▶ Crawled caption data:
---+---

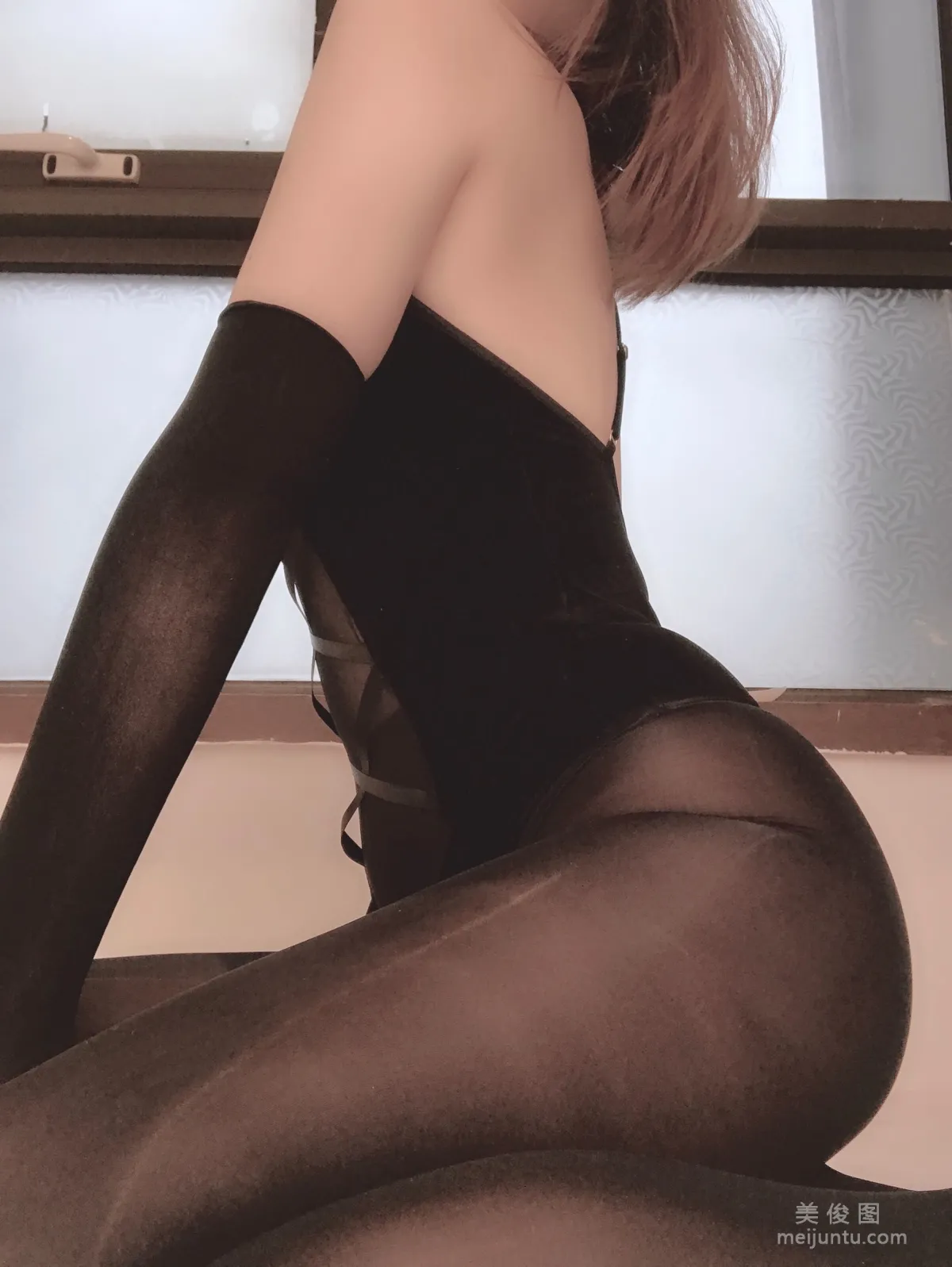 [美女Coser] 雪晴Astra 《兔女郎》 写真集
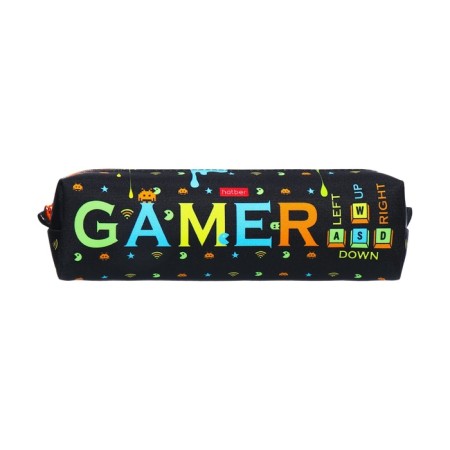 Penal soft, 1 department 60 x 210 x 50 mm, voluminous, Hatber "Old Gamer"-1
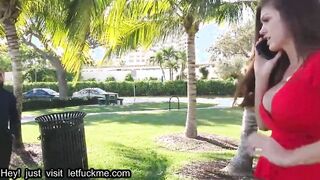 Blowjob busty milf ivy secret gets her pussy fucked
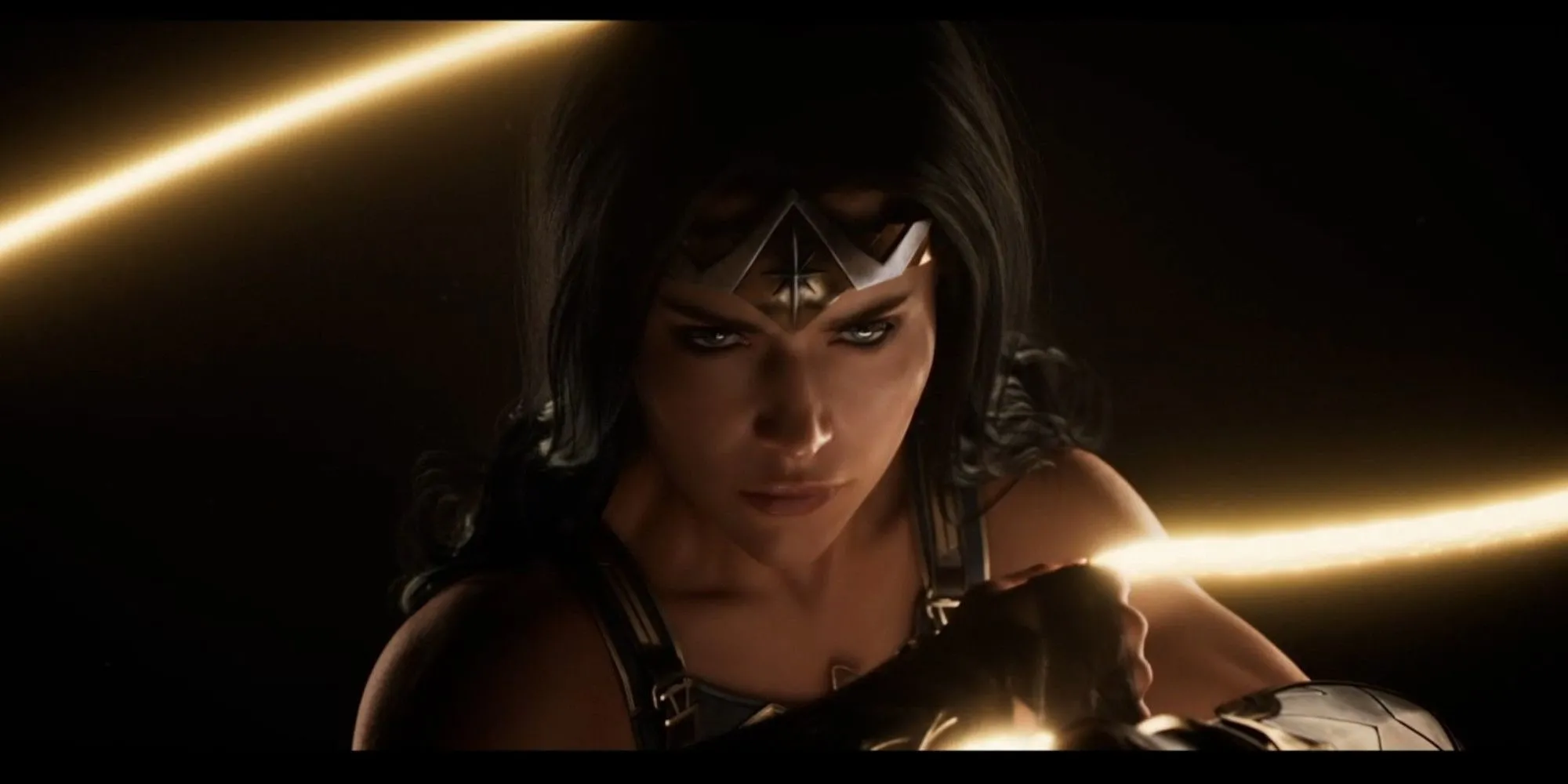 Wonder Woman, một trong những nữ siêu anh hùng biểu tượng của DC, nhưng dự án game riêng của cô đã bị hủy bỏ.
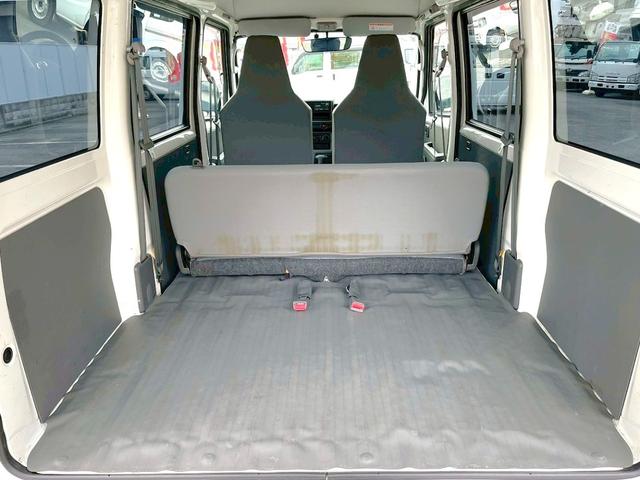 NV100クリッパーバン DX ETC パワーステアリング エアバック エアコン 走行距離68300km 軽バン 軽箱 ハイルーフ 積載量350kg 乗車定員4名(34枚目)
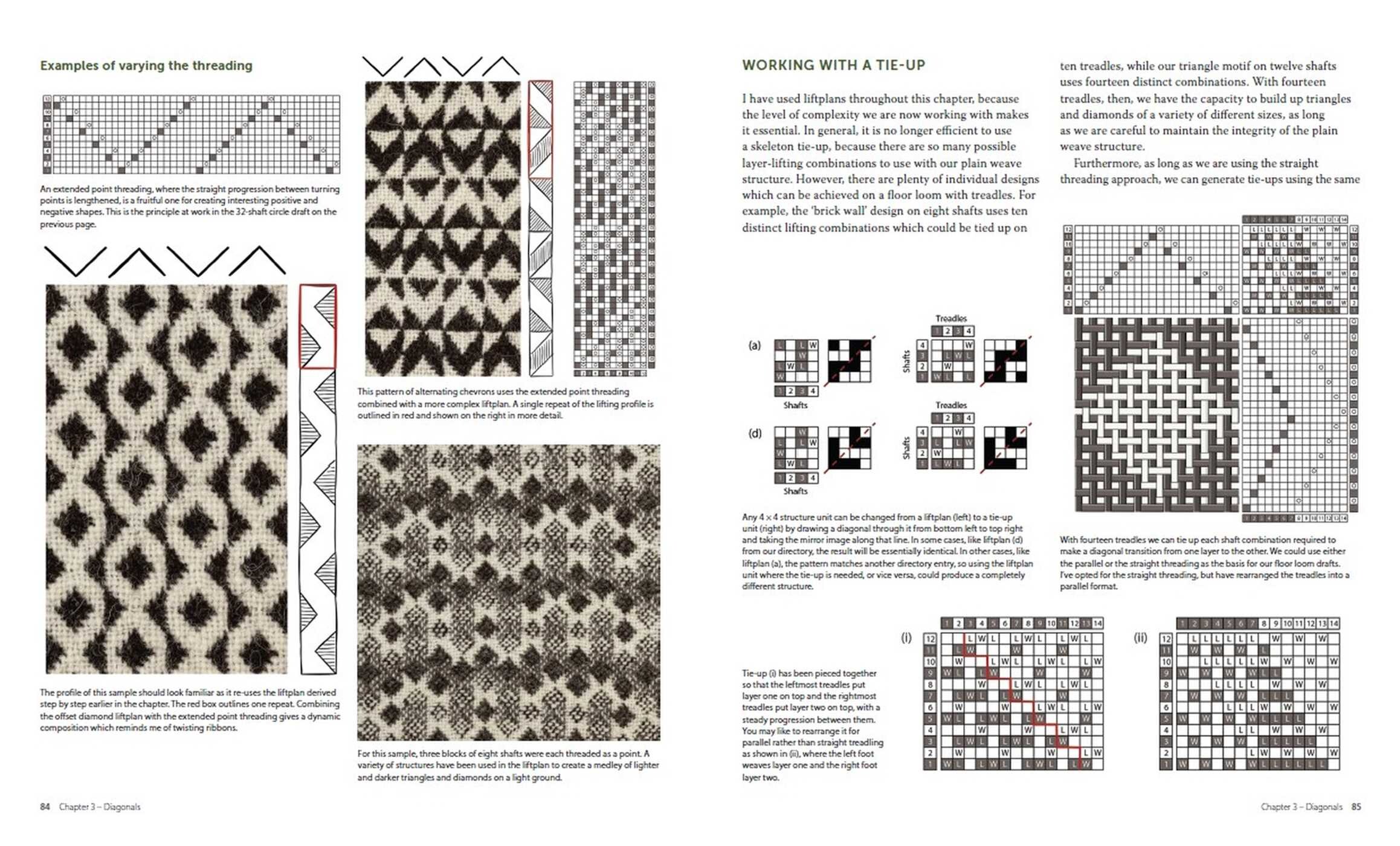 Designing and Weaving Double Cloth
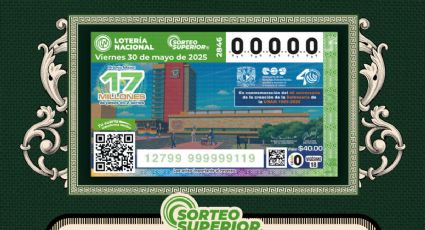 Lista de números ganadores del Sorteo Superior 2846 de HOY viernes 30 de mayo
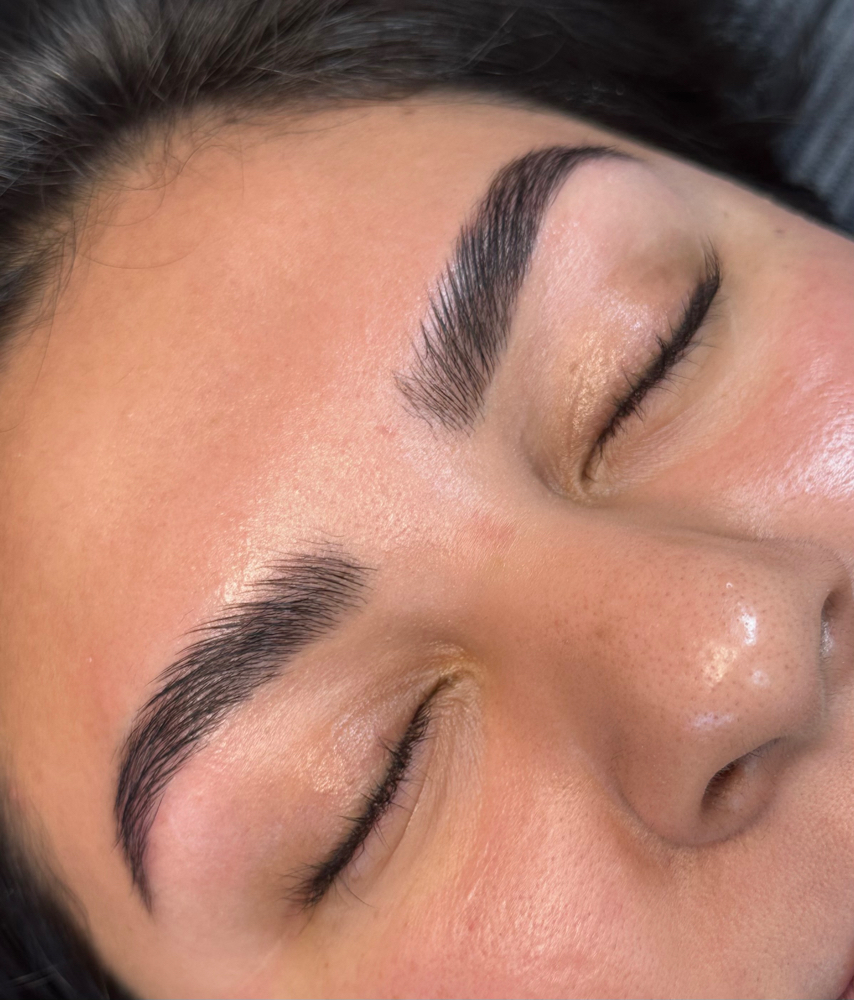 Brow Scuplting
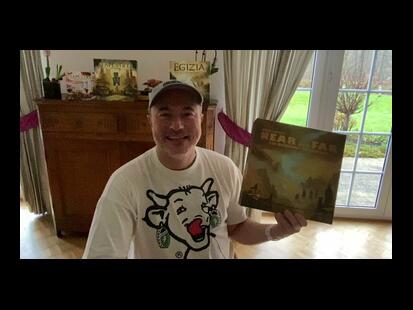 Near and Far: Les Royaumes du Lointain Vin d'Jeu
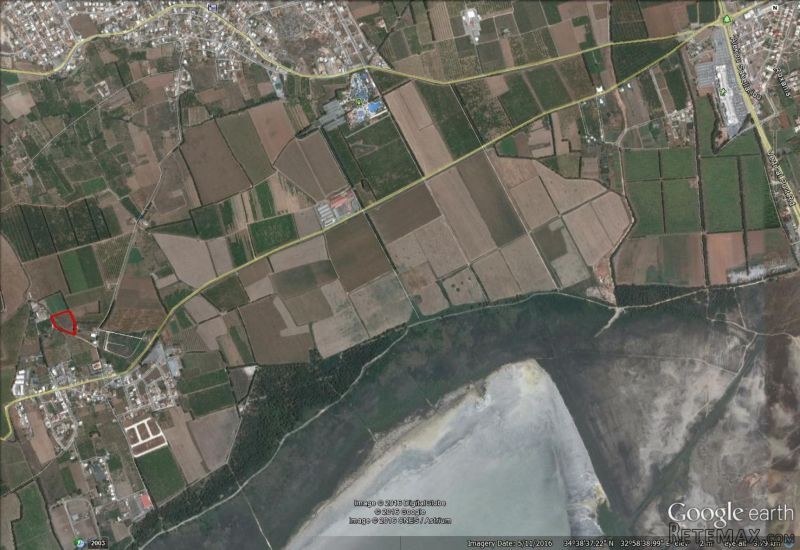 Big Plot in Asomatos for Sale -..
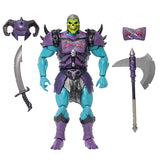 IN STOCK! Masters of the Universe New Eternia Battle Armor Skeletor 6 inch Action Figure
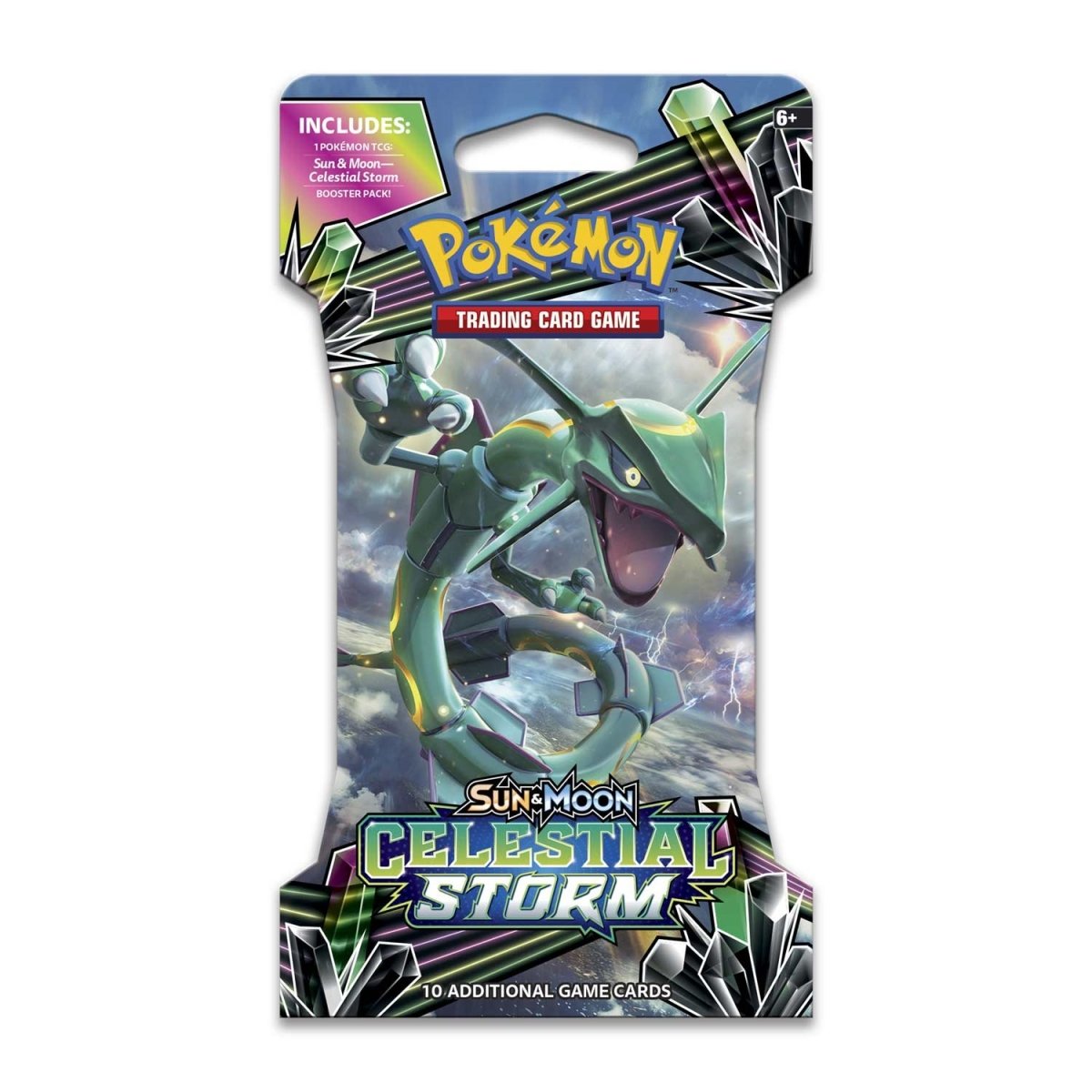 Pokémon TCG: Celestial Storm Sleeved Booster Pack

---+---

▶ Directions: Copy exactly, without pictures, the lines above from the one with "Lista de números" down to the one with "IN STOCK! Masters", inclusive.

▶ Result for this exercise:
 Lista de números ganadores del Sorteo Superior 2846 de HOY viernes 30 de mayo
 Brow Scuplting
 Near and Far: Les Royaumes du Lointain Vin d'Jeu
 Big Plot in Asomatos for Sale -..
 IN STOCK! Masters of the Universe New Eternia Battle Armor Skeletor 6 inch Action Figure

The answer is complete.